On August 2, 1964, the Maddox was attacked by three North Vietnamese torpedo boats. During the exchange of fire, the Maddox suffered only superficial damage by a single 14.5-millimeter machine gun bullet. Planes from the carrier Ticonderoga strafed the three torpedo boats, destroying one and setting another afire. The next day, intelligence indicated that the North Vietnamese were planning to again attack the U.S. ships operating off their shores, although this intrepretation was incorrect.
Two days later, a destroyer accompanying the Maddox got radar signals that they believed to be another attack by the North Vietnamese. For some two hours the ships fired on radar targets and maneuvered vigorously amid electronic and visual reports of torpedoes.
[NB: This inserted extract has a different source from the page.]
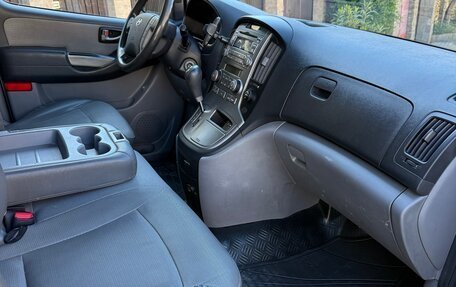 Hyundai Grand Starex Grand Starex I рестайлинг 2, 2010 год, 1 650 000 рублей, 10 фотография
Later, Captain John J. Herrick admitted that it was nothing more than an "overeager sonarman" who "was hearing ship's own propeller beat."
Though information obtained well after the fact indicates that there was actually no North Vietnamese attack that night, U.S. authorities were convinced at the time that one had taken place, and reacted by sending planes from the carriers Ticonderoga and Constellation to hit North Vietnamese torpedo boat bases and fuel facilities.
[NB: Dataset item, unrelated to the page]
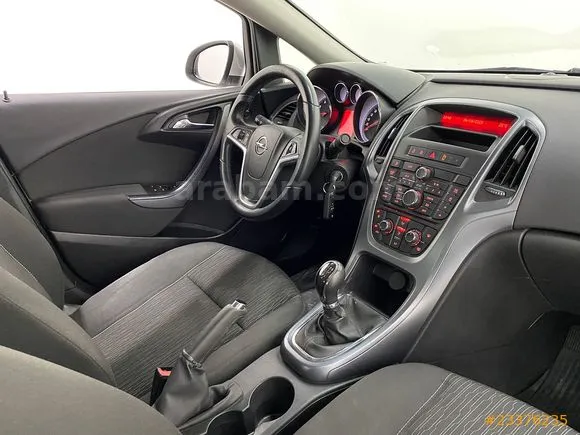 Opel Astra 1.6 Edition Plus Image 10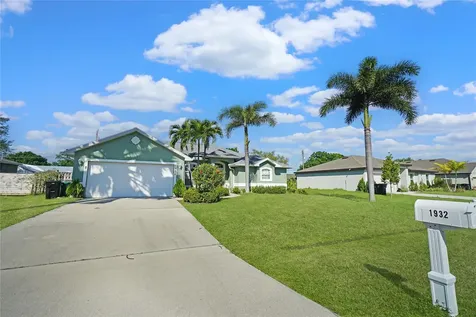 1932 SW Beard Street Port St Lucie FL 34953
Squadron commander James Stockdale was one of the U.S. pilots flying overhead August 4th. In the 1990s Stockdale stated that he "had the best seat in the house to watch that event, and our destroyers were just shooting at phantom targets -- there were no PT boats there.... There was nothing there but black water and American fire power."
Lyndon Johnson, who was running for reelection that year, launched retaliatory strikes and went on national television on August 4. Although the Maddox had been involved in providing support for South Vietnamese attacks at Hon Me and Hon Ngu, Johnson's Secretary of Defense, Robert McNamara, went before Congress and denied that the United States Navy was supporting South Vietnames military operations. He thus characterized the attack as "unprovoked". Despite the fact that there was no second attack, he also claimed before Congress that there was "unequivocable proof" of an "unprovoked" second attack against the Maddox. A year later, Johnson said in private "for all I know, our Navy was shooting at whales out there."
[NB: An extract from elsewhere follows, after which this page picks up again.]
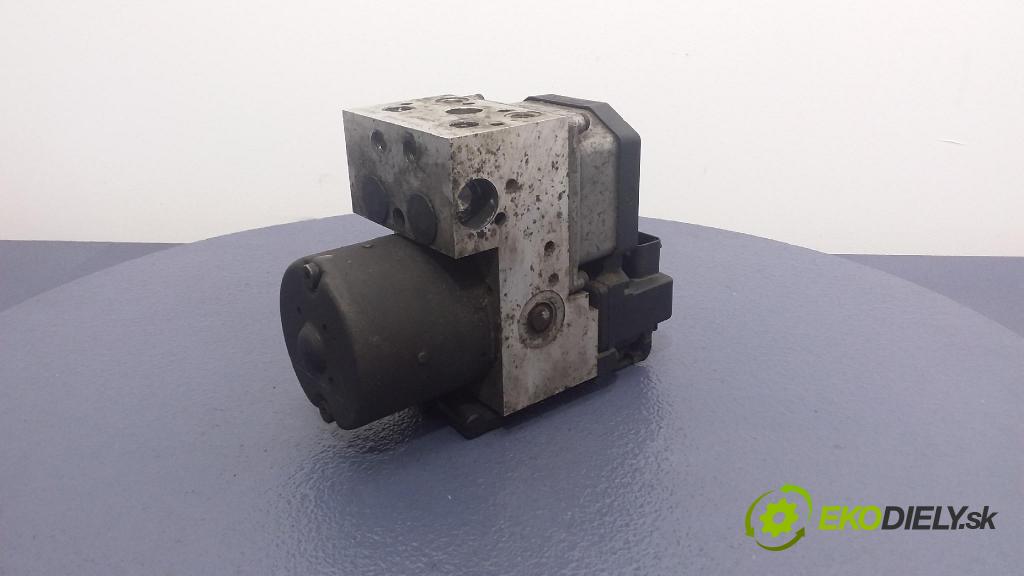 Audi A6 2003 čerpadlo ABS x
As a result of McNamara's testimony, on August 7, the Joint Resolution passed the House unanimously, and the Senate with only two 'no' votes: Senators Wayne Morse of Oregon, and Ernest Gruening of Alaska.
Both Johnson and President Richard Nixon used the Resolution as a justification for escalated involvement in Indochina. The Resolution was repealed in June of 1970 in a rebuke to the Nixon Administration's illegal bombing campaign Cambodia. The U.S. had already begun the process of withdrawing troops from the area in 1969, under a policy known as "Vietnamization", but didn't completely disengage from the region until 1973.